Afghanistan: 25 Prozent mehr Gewalttaten gegen Frauen – und die Rückkehr der Steinigung

Am (heutigen) Internationalen Tag gegen Gewalt an Frauen muss Afghanistan mit einer bedrückenden Bilanz aufwarten: Die Zahl der – registrierten – Gewaltakte ist in diesem Jahr um ein Viertel gestiegen, wie die Unabhängige Menschenrechtskommission des Landes vorrechnet:

The Afghanistan Independent Human Rights Commission (AIHRC) on Monday announced a 25 percent jump in reported cases of human rights violations against women in Afghanistan in 2013.
November 25 is the International Day for Elimination of Violence Against Women. The AIHRC released a report that stated 4,154 cases of human rights violations had been filed by Afghan women in only six months of the current solar year.
The report comes as many have expressed concerns about the future of women’s rights in Afghanistan, an issue which saw marked improvement since the fall of the Taliban but has since seen setbacks with 2013 seeing a spike in violence against women, according to the United Nations.

berichtet der afghanische Sender TOLO News. Und die Befürchtung, dass es für Frauenrechte am Hindukusch künftig noch viel schlimmer aussehen könnte, stützt eine Warnung der Menschenrechtsorganisation Human Rights Watch: Die anscheinend geplante Rückkehr der Steinigung als Instrument des normalen afghanischen Strafrechts.

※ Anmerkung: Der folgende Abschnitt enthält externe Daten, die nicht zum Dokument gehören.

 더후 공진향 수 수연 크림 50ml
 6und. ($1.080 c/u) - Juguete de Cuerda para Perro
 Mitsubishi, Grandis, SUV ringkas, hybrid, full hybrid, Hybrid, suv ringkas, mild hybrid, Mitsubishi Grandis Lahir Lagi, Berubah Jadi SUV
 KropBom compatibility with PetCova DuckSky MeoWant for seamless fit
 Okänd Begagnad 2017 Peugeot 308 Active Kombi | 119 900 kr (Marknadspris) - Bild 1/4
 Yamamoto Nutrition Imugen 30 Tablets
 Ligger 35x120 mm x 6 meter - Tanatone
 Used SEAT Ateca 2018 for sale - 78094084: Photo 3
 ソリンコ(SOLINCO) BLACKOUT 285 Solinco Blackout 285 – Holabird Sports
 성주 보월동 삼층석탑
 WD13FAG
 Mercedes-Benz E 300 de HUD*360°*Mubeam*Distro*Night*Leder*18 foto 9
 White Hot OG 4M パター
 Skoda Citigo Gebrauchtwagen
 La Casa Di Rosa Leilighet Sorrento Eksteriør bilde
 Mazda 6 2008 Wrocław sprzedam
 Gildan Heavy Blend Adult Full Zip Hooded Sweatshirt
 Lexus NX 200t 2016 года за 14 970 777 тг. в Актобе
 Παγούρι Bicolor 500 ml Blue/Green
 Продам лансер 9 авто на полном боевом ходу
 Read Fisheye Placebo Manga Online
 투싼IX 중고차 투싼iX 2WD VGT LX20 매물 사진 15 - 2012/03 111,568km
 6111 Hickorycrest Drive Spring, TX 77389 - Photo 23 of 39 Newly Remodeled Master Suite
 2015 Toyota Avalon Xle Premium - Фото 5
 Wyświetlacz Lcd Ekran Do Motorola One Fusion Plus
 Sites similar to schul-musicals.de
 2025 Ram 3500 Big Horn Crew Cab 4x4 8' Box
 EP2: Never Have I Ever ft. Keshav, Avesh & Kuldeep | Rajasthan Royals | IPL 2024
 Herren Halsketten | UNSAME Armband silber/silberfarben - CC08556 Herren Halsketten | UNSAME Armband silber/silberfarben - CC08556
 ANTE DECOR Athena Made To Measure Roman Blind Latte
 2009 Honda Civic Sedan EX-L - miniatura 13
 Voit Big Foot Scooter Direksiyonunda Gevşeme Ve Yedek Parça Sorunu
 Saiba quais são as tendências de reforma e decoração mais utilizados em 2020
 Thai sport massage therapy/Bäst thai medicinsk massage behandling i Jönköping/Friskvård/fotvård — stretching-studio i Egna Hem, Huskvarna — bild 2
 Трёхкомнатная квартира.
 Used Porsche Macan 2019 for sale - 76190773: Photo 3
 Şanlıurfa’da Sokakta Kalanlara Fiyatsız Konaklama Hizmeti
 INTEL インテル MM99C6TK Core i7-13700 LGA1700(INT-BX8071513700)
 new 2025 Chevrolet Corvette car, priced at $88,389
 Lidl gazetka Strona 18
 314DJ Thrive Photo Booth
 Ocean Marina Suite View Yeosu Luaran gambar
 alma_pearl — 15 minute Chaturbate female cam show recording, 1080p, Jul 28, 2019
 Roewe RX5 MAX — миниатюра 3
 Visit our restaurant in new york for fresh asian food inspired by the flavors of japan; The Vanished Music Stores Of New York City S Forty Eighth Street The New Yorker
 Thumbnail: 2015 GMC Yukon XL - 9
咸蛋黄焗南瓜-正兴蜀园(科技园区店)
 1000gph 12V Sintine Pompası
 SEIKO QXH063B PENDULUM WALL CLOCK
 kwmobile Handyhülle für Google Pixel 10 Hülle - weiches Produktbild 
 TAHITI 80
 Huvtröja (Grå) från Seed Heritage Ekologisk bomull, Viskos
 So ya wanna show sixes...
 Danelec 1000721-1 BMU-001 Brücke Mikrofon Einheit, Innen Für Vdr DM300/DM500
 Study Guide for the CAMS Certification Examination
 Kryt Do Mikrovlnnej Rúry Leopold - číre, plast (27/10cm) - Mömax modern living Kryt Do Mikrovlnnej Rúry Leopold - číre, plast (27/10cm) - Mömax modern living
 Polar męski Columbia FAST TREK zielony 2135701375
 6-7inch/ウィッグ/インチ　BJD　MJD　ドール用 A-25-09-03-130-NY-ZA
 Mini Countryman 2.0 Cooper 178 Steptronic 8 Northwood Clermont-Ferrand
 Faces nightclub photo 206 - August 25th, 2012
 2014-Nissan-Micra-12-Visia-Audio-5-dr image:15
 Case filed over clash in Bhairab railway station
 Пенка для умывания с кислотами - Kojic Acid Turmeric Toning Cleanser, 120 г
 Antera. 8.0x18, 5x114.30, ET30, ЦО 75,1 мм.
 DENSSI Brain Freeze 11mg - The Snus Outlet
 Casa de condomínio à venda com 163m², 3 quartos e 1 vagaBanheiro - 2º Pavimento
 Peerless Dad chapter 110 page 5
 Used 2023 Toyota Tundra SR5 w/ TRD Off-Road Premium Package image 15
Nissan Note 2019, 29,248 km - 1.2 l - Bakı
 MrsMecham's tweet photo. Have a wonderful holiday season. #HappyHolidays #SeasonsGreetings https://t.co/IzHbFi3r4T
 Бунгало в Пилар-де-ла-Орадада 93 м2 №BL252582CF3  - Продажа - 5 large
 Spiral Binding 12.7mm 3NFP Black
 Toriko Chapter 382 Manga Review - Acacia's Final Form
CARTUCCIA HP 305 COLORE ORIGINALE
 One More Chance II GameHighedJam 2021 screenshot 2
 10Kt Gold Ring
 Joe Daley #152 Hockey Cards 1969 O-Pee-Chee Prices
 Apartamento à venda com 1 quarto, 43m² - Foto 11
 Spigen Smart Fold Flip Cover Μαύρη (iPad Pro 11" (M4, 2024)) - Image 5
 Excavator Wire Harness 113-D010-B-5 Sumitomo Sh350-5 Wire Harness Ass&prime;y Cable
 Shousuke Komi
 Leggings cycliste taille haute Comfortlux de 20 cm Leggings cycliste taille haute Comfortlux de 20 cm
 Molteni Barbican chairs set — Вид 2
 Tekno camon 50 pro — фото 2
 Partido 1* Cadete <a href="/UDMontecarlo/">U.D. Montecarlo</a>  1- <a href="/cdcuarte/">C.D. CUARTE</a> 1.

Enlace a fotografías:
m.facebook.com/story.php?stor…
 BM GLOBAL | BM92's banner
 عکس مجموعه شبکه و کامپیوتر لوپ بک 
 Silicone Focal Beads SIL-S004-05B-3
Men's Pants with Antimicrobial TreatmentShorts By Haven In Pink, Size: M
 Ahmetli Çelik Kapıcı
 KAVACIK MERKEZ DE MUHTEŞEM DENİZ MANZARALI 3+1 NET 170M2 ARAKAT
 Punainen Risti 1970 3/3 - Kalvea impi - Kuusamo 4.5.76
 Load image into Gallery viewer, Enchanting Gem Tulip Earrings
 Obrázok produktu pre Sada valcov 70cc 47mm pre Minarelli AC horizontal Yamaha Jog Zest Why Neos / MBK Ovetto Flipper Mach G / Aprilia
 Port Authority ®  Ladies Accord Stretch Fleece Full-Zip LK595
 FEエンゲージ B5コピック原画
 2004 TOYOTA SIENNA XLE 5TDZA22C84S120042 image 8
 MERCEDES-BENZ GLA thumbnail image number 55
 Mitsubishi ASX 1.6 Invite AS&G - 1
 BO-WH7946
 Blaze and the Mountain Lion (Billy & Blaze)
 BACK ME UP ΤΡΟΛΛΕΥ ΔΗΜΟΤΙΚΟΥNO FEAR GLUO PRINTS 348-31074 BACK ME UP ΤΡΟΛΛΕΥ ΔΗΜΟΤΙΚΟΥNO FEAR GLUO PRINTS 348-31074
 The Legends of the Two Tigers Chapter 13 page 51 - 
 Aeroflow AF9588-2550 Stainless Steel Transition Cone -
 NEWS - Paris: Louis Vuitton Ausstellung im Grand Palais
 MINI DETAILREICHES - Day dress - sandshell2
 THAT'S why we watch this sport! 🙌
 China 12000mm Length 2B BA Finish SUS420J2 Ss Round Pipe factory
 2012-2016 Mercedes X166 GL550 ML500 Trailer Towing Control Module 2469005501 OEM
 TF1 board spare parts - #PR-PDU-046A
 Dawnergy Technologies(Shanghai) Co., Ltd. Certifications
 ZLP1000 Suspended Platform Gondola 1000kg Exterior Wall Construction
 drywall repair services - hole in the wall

A working group led by the Justice Ministry that is assisting in drafting a new penal code has proposed provisions on “moral crimes” involving sex outside of marriage that call for stoning. (…)
The draft provisions, seen by Human Rights Watch, provide that if a couple is found by a court to have engaged in sexual intercourse outside a legal marriage, both the man and woman shall be sentenced to “[s]toning to death if the adulterer or adulteress is married.” The provisions state that the “implementation of stoning shall take place in public in a predetermined location.” If the “adulterer or adulteress is unmarried,” the sentence shall be “whipping 100 lashes.”